AS the nation concentrates more resources and attention on the problem of child support enforcement, it is worth noting that a small but solid number of absent fathers do not have to be forced to provide for their children. About a third of the men who actually pay child support do it voluntarily.

``I didn't need a court order,'' says Donald Rigsbee, a divorced father who has met every child support payment he voluntarily agreed to give his former wife, Deborah Perry, eight years ago.

``It's a top priority with me.''

Now remarried to Doreen Rigsbee, the former wife of Mauri Stephenson, Mr. Rigsbee is contributing to two households of children. But he continues to give Ms.

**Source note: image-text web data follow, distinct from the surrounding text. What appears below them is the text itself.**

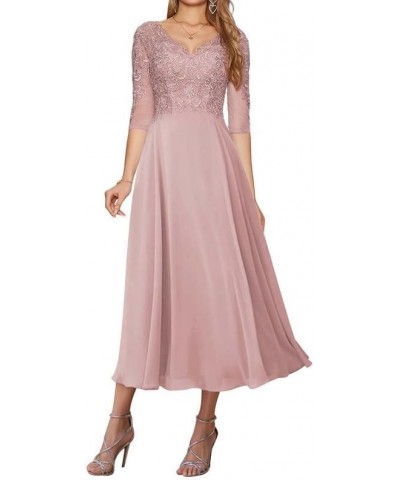 Mother of The Bride Dresses with Sleeves Lace Evening Gown Formal Dresses Tea Length Chiffon Silver $32.80 Dresses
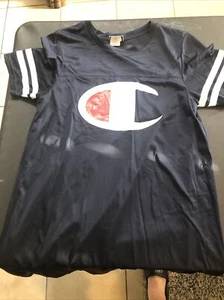 Champion Mesh Tank Jersey Dress Blue/White Ladies Large Bin7 - Picture 1 of 5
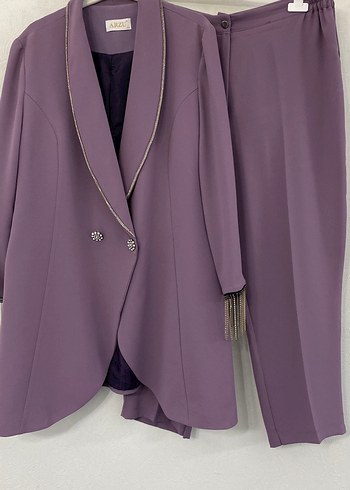 Lila Zincir Detaylı Kadın blazer Takım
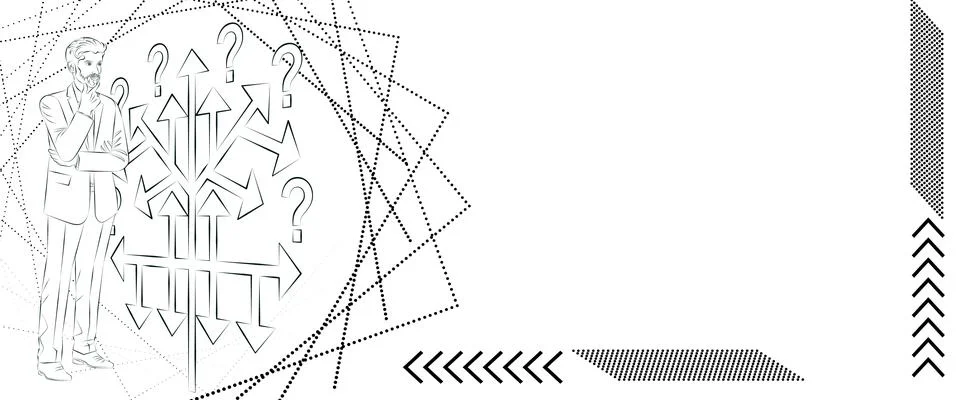 Decision tree. Sketch. Template Stock Illustration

Perry 25 percent of his earnings, more than most judges would ever require.

A soft-spoken, stocky man, who owns a countertop-making business, Rigsbee names his religious values and love for his 10-year-old daughter as the reasons for his conscientious payments.

``I know what her bills were, and I know what my daughter wanted out of life,'' he explains. ``Some of the smaller things I want her to have, too.''

No legislation can ever command Rigsbee's kind of love. But new laws intend to force flesh to act when hearts are no longer willing.